قَالَ رَبِّ (QAvLa RabBı) “Rabbim, dedi.”
“Rabbim” diye cevap veriyor. Nida meleklerden geldiği halde, cevabı doğrudan Allah’a vermektedir. “Rabbim” demektedir. Allah kendisi tebliğ yaparken meleklerle yapıyor, cevap alırken ise aracı kullanmamaktadır. Doğrudan Allah’a dua etmektedir. Allah’ın insana doğrudan hitap etmeyip melekle hitap etmesi, Allah’ın hitabına insanın tahammül edememesidir. Sonra Allah insanlardan birlik olmalarını istemektedir. Kanunlar, talimatlar, merkezden görevliler tarafından ulaştırılacaktır. Herkes görevini yapacak, hesabını doğrudan Allah’a yani hakemlere verecektir. Burada bize bu öğretilmektedir. Merkezden haberler ayrı kanallardan gider, dönüş ise ayrı kanallardan olur. Elçiyle cevap geri çevrilmez. Mesela, Türkiye Amerika’ya Türk elçisi ile haber gönderir, Amerika da kendi elçisiyle cevap verir. Allah bize bu sistemi öğretmektedir. İnsanın gerek damarlarında, gerek diğer sistemlerinde de böyle çift yönlü ayrı kanallar vardır.

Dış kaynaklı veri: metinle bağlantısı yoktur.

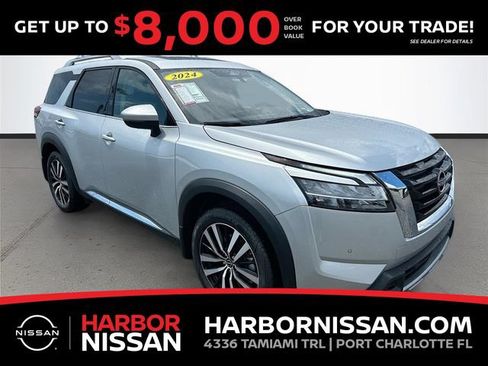 Certified 2024 Nissan Pathfinder Platinum AWD/4WD image 1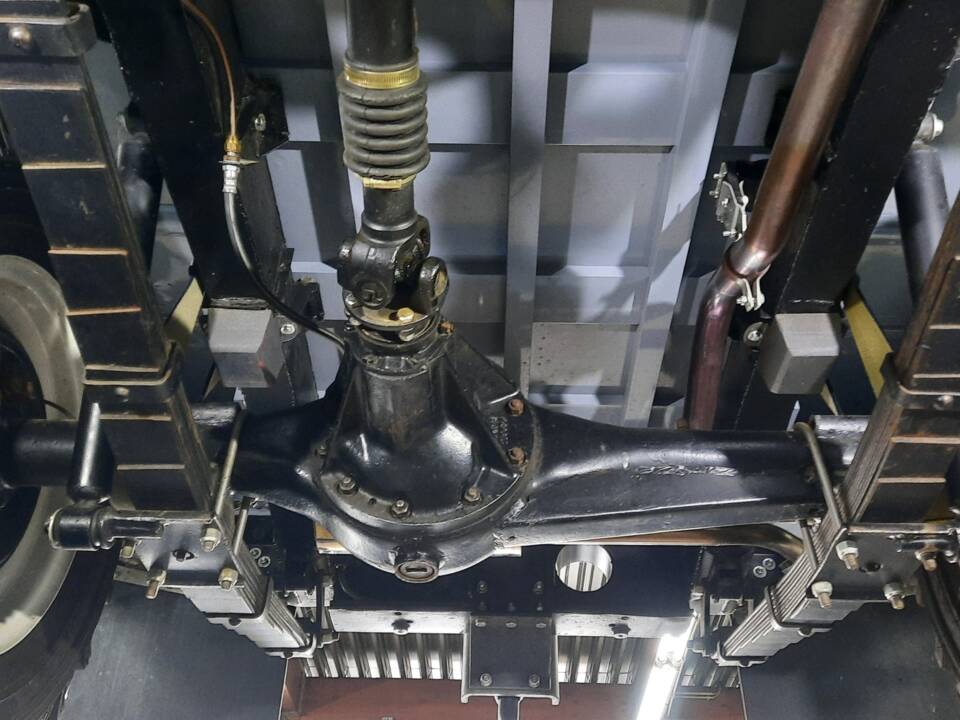 Image 21/25 of Land Rover 88 (1961)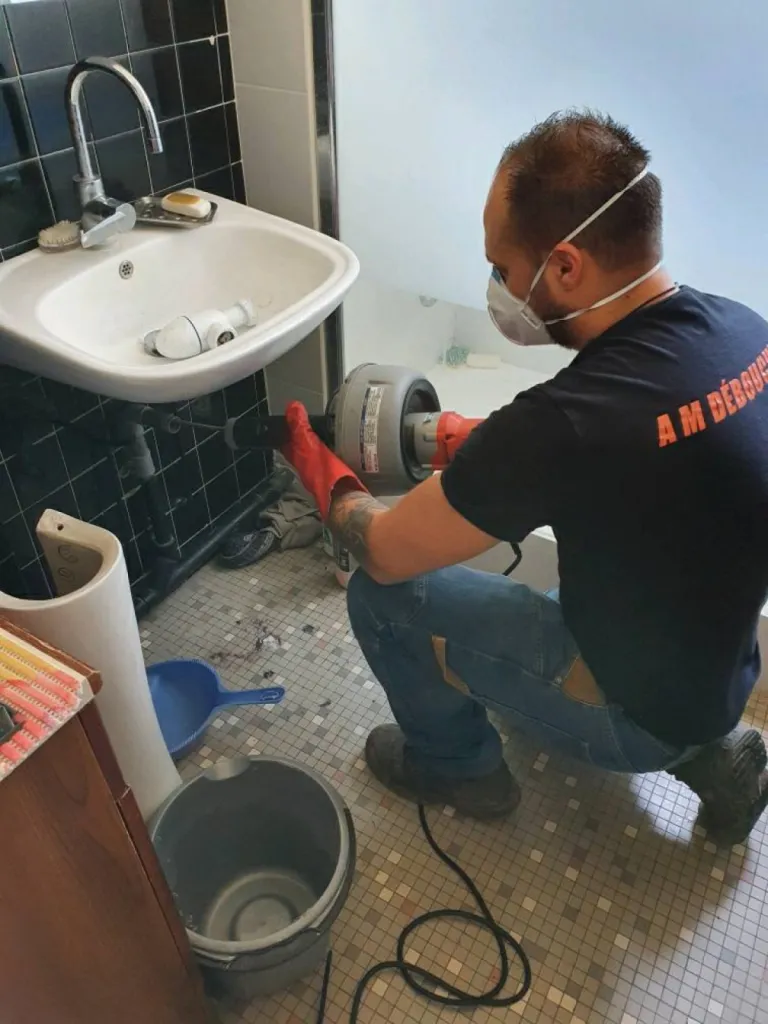 Déboucher une canalisation à Marseille 13012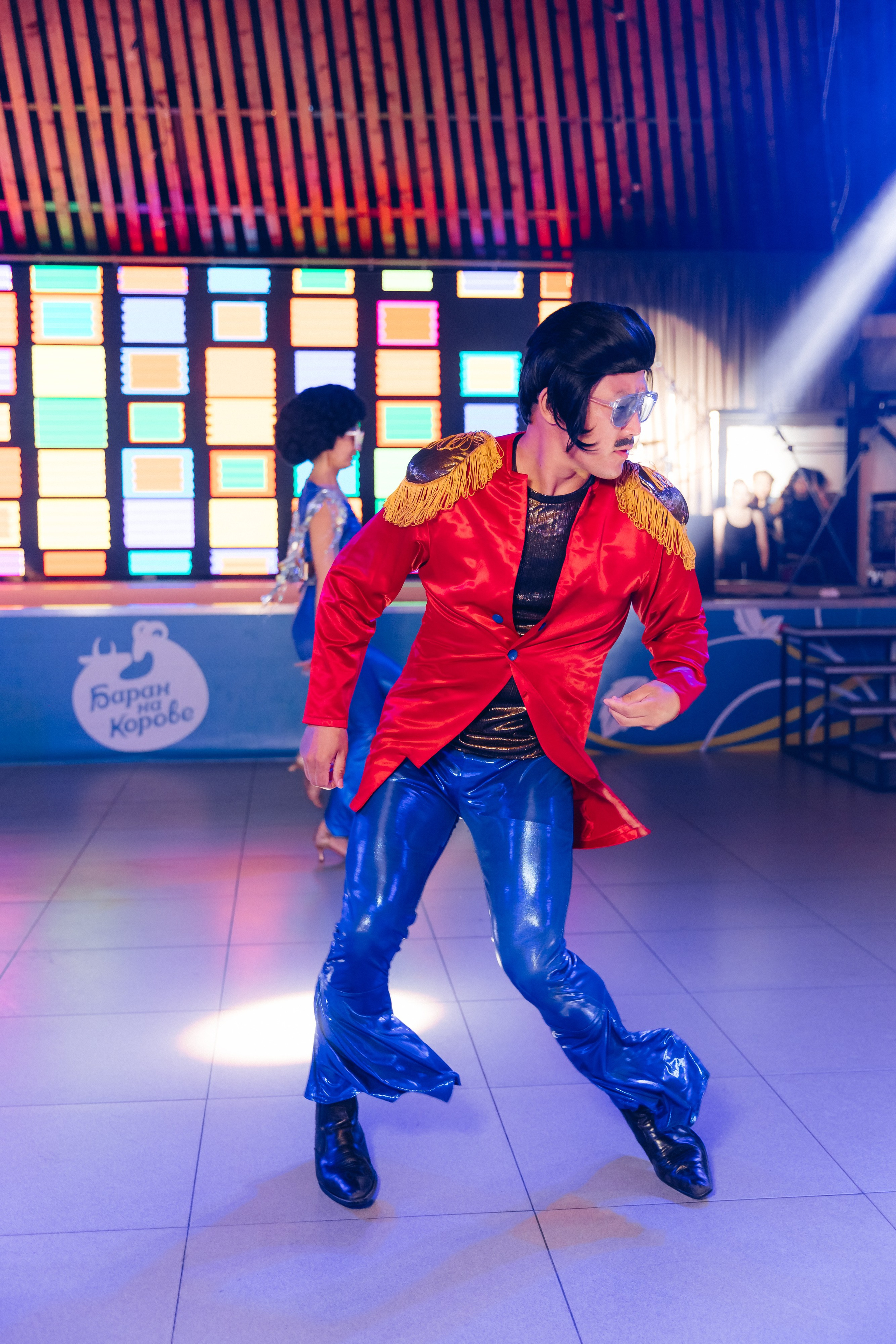 Выпускной вечер. 49 школа. Баран на корове. Свадебный и семейный фотограф в Улан-Удэ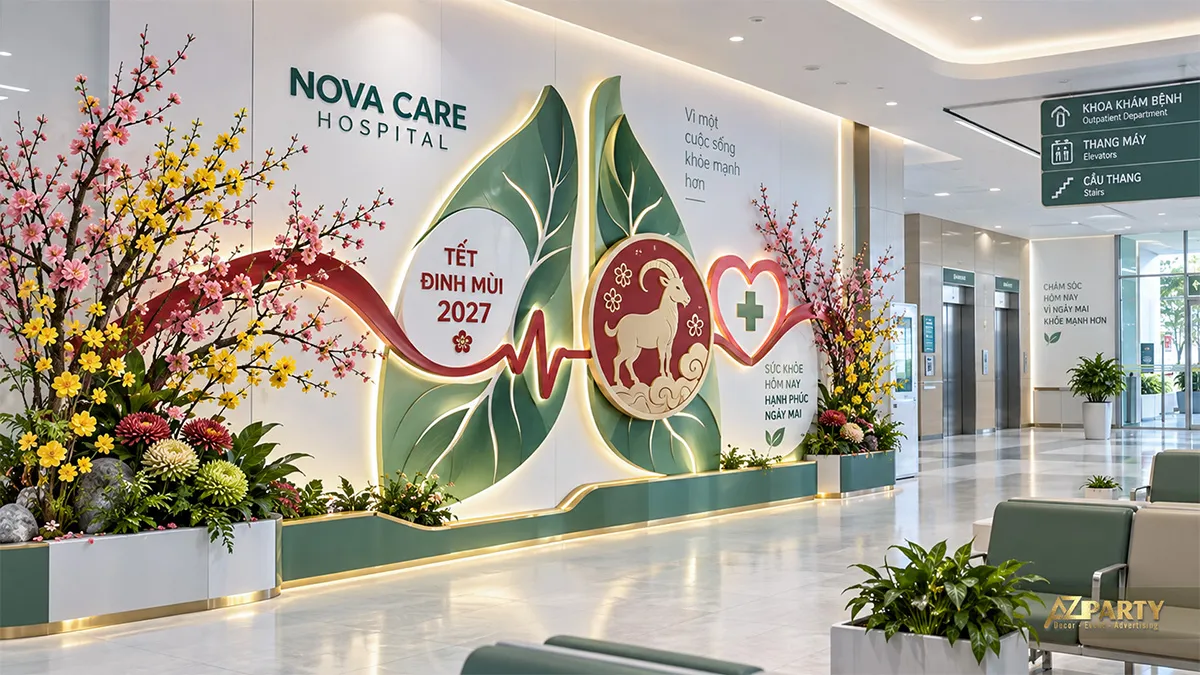 Mảng tường xanh ngọc tại sảnh bệnh viện với dê, nhịp tim và hoa mai đào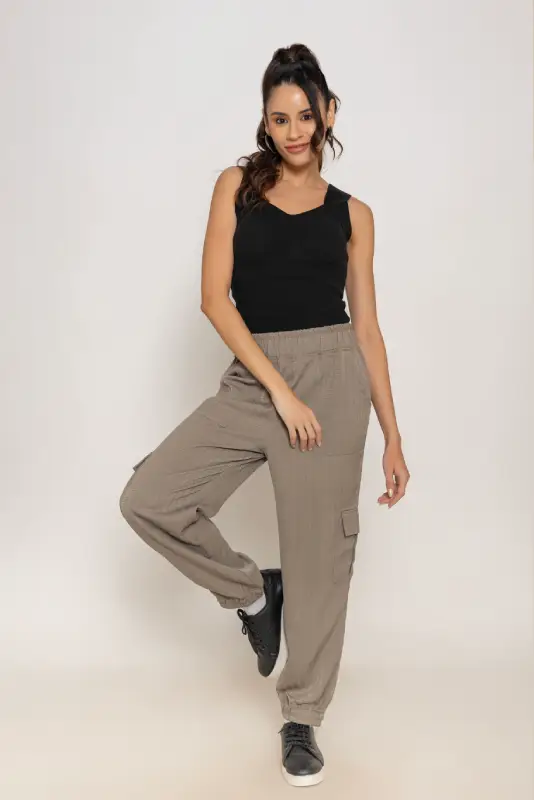 TEXTURED CARGO JOGGER PANTS - Image 5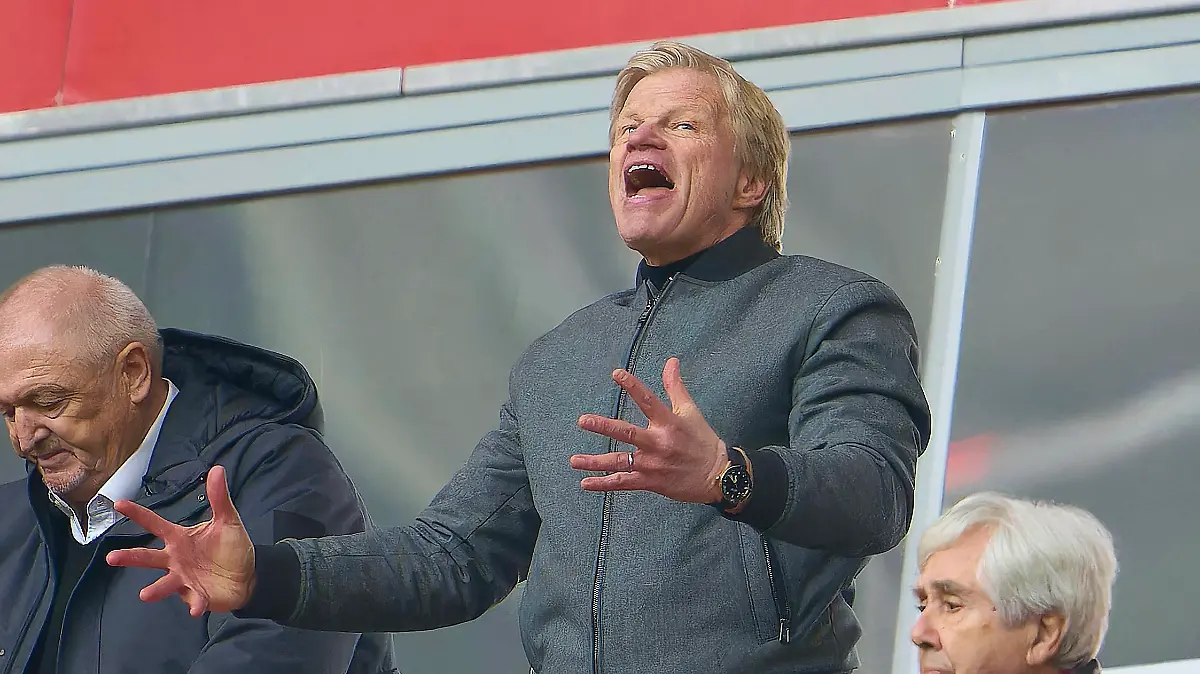 Oliver KAHN, FCB CEO, Vorstandsvorsitzender der FC Bayern München AG, angry in the last minutes of the match FC BAYERN MUENCHEN - TSG 1899 HOFFENHEIM 1.German Football League on Apr 15, 2023 in Munich, Germany. Season 2022/2023, matchday 28, 1.Bundesliga, FCB, BVB, München, 28.Spieltag.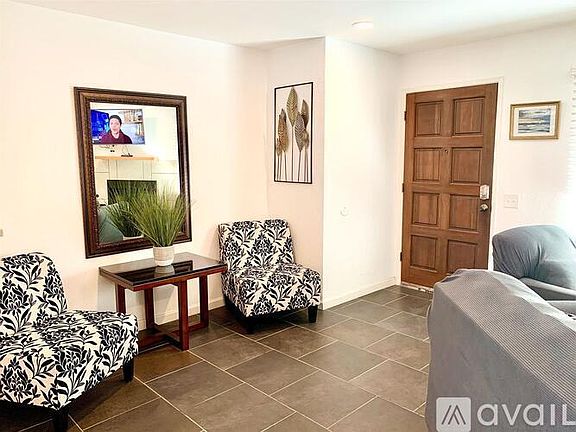 5th image of 963 Thomas Ave APT 1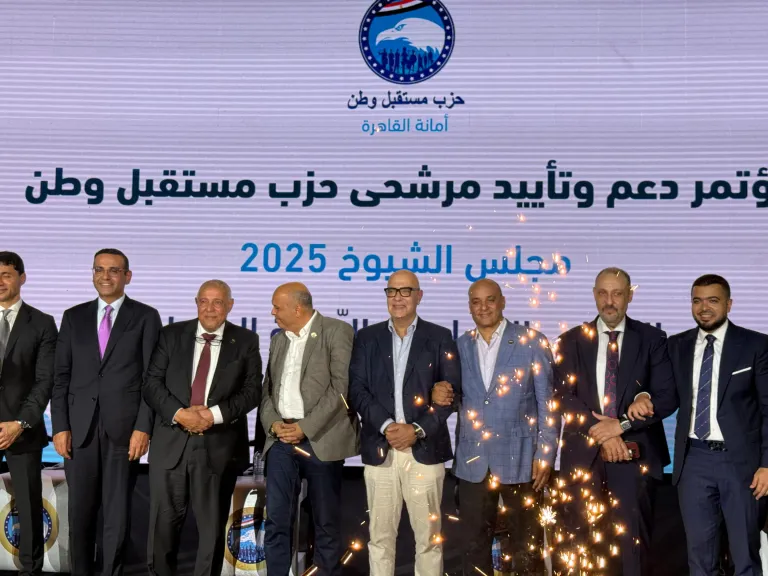 بحضور 20 الف مواطن مؤتمر جماهيري فى القاهرة بوجود عمروطنى وايهاب العمدة وامين مسعود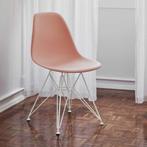 Gezocht: Vitra Vitra Eames onderstel metaal wit, Huis en Inrichting, Ophalen, Wit, Metaal, Eén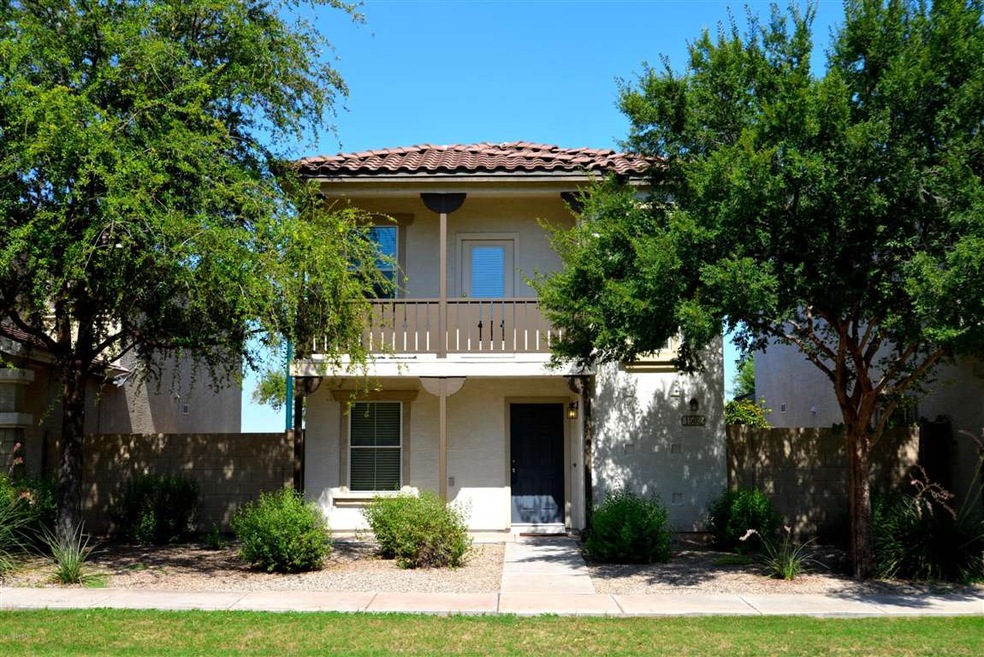 Great Gilbert Location!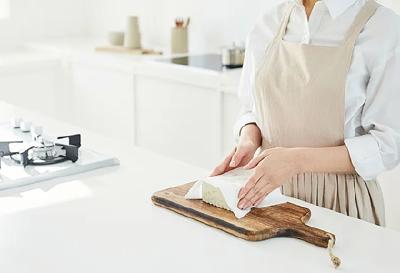 这种“厨房纸”真的别再直接接触食物了！很多人不知道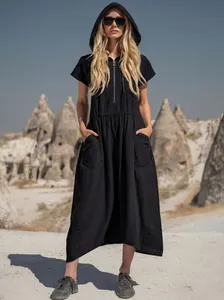 Abito midi nero in cotone lino con cappuccio, mezza zip e grandi tasche laterali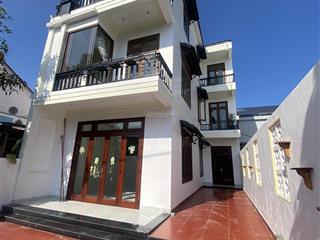 Cần bán căn nhà 3 tầng đường mẹ thứ cách biển chỉ vài trăm mét  0936 325 ***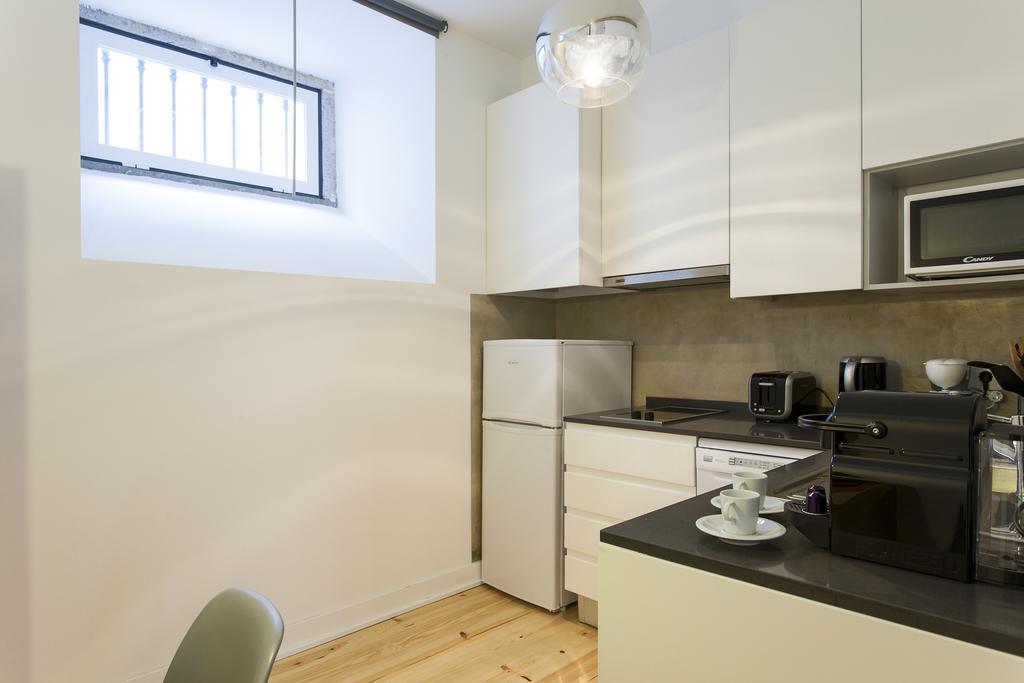 Joivy Cosy 1-Bed Flat With Workspace In Santa Catarina, Moments From Luis De Camoes Sq Apartment Lissabon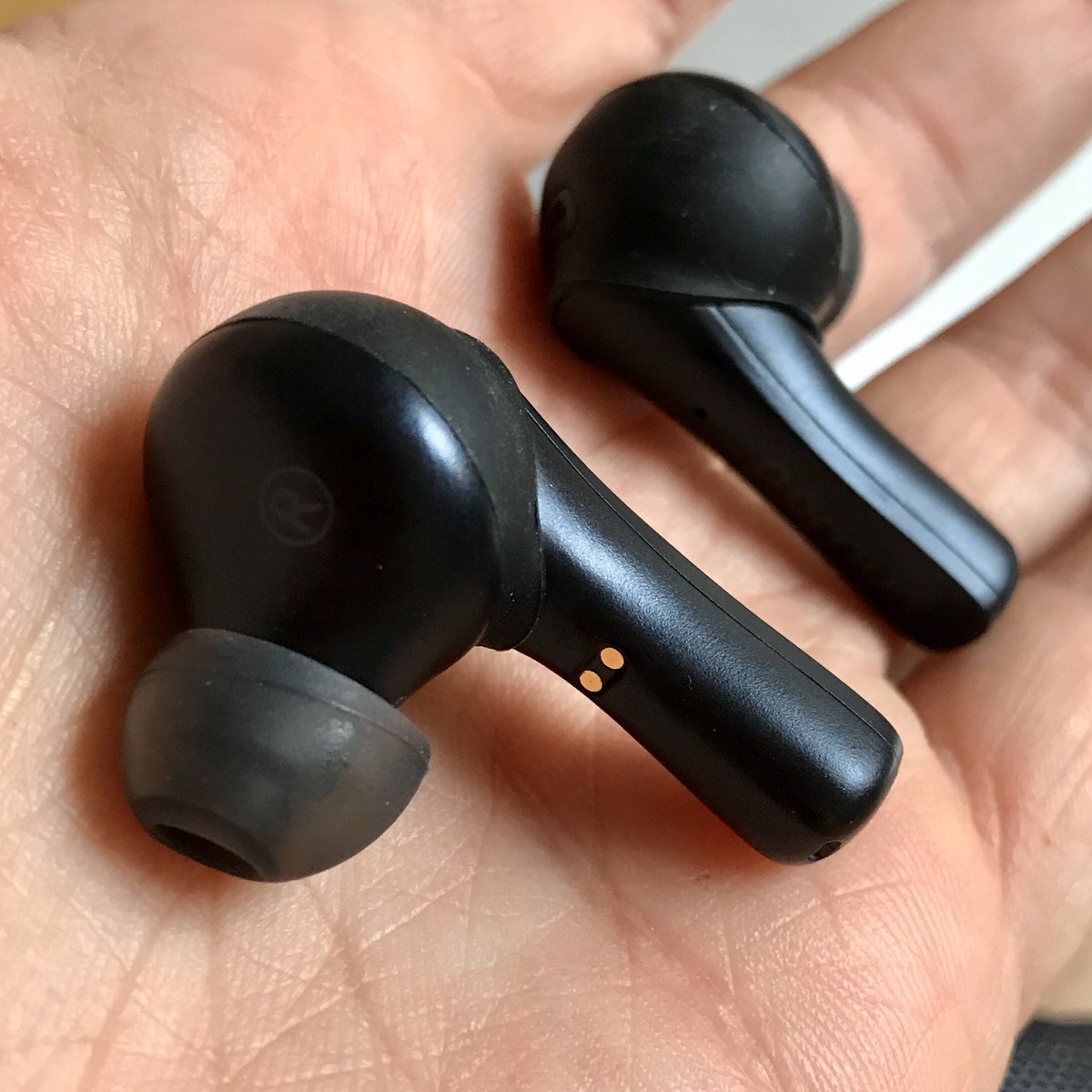 maxbesnard's tweet image. Une semaine que j’ai reçu mes #PamuSlide et vraiment hyper satisfait ! Le son est nickel, aucun souci de connexion avec l’iPhone, tenue irréprochable et surtout, surtout : super isolation 🔥 cc @ppgarcia75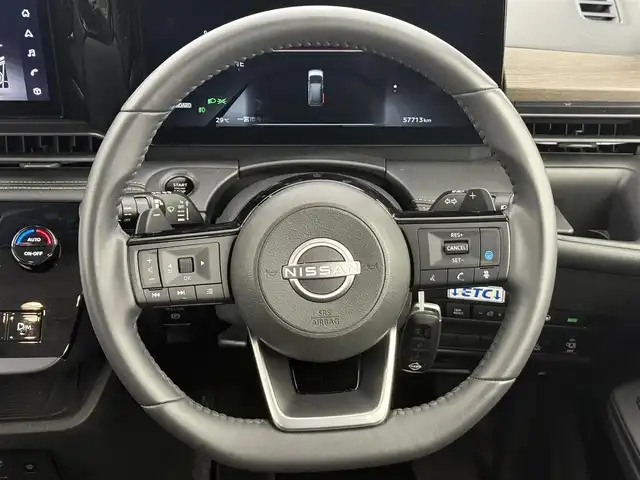 日産 セレナ ハイウェイスター V 愛知県 2023(令5)年 5.8万km プリズムホワイト 純正ナビ/（BT/スマホ連動/フルセグ）/HDMI/置くだけ充電/全方位カメラ/ETC2.0/前後ドラレコ/追従クルーズコントロール/デジタルインナーミラー/コーナーセンサー/プロパイロット/両側パワースライドドア/後席オートエアコン/パドルシフト/ヘッドアップディスプレイ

أَنَّى يَكُونُ لِي غُلَامٌ (EanNAv YaKUvNu LIy ĞuLAvMun) “Benim nereden gulamım olacak?”
Zekeriyya (a.s.) baştan dua etmiş, burada ise “Nereden çocuğum olacaktır?” demiştir. Burada mümkün değil, olmaz, şeklinde sual olmayıp; sadece nasıl olacağını öğrenmek içindir. Yani, bu nasıl gerçekleşecektir? Mahiyetini öğrenmektedir. O halde aklın ermediği hususlarda Allah’tan bilgi alınmasını isteme hakkı vardır. Halkın da devletten akla aykırı yahut kurallara aykırı hükümlerle karşılaştığı zaman itiraz hakları vardır. Üstlerin söylediklerinde anormallik olunca sual sormaya yetkileri vardır .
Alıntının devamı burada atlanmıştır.